[[ Given material, beginning ]]
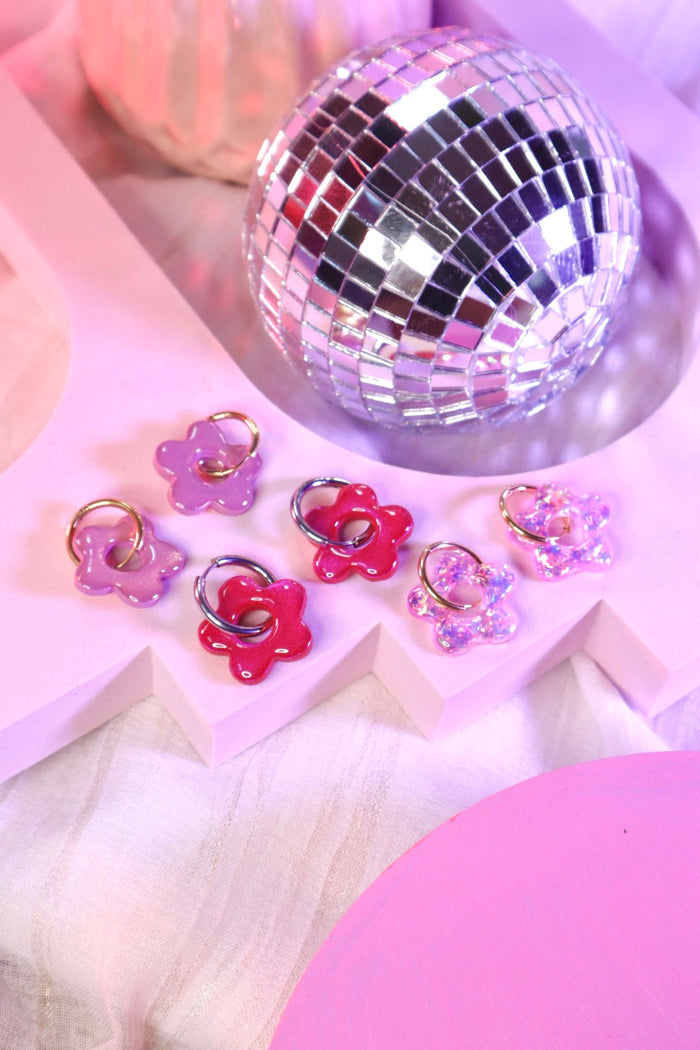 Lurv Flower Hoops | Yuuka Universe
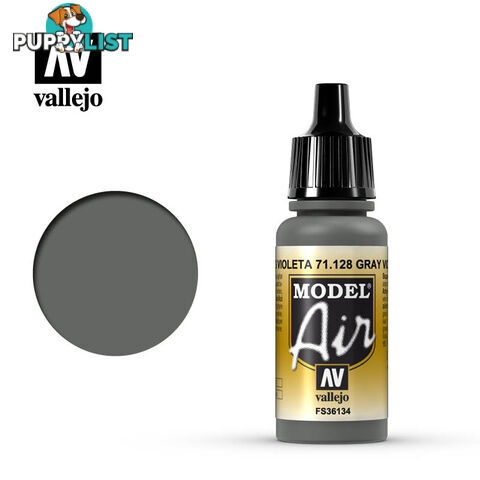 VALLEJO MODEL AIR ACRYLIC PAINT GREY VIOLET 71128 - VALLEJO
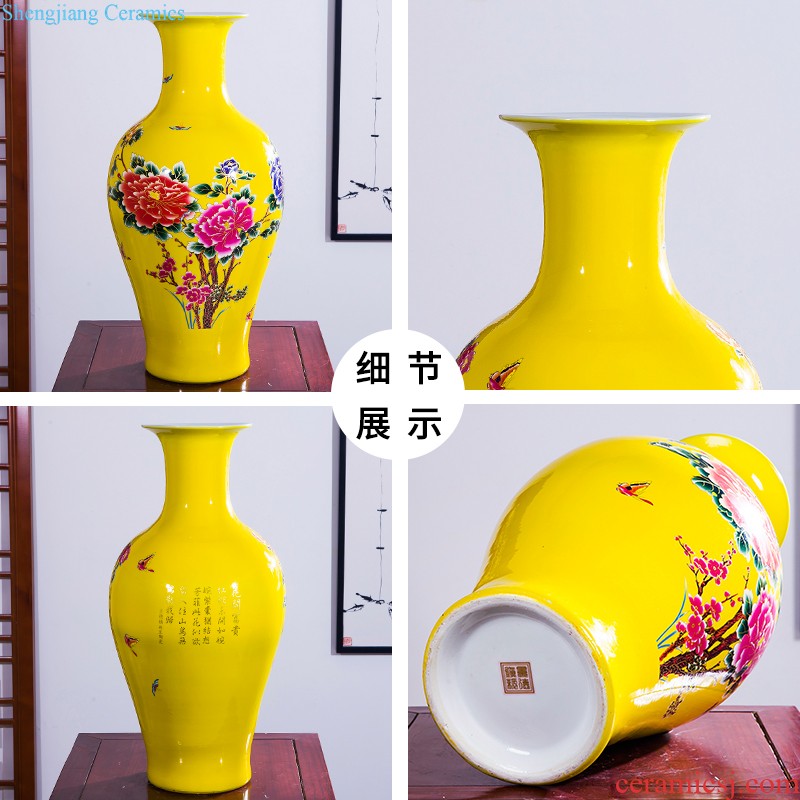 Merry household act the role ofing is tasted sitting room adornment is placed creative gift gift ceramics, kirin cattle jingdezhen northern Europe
[[ Given material, end ]]
* [Work task]: Could all the data above be given again exactly, leaving out its images?

* [Task solution]:
 Lurv Flower Hoops | Yuuka Universe
 VALLEJO MODEL AIR ACRYLIC PAINT GREY VIOLET 71128 - VALLEJO
 Merry household act the role ofing is tasted sitting room adornment is placed creative gift gift ceramics, kirin cattle jingdezhen northern Europe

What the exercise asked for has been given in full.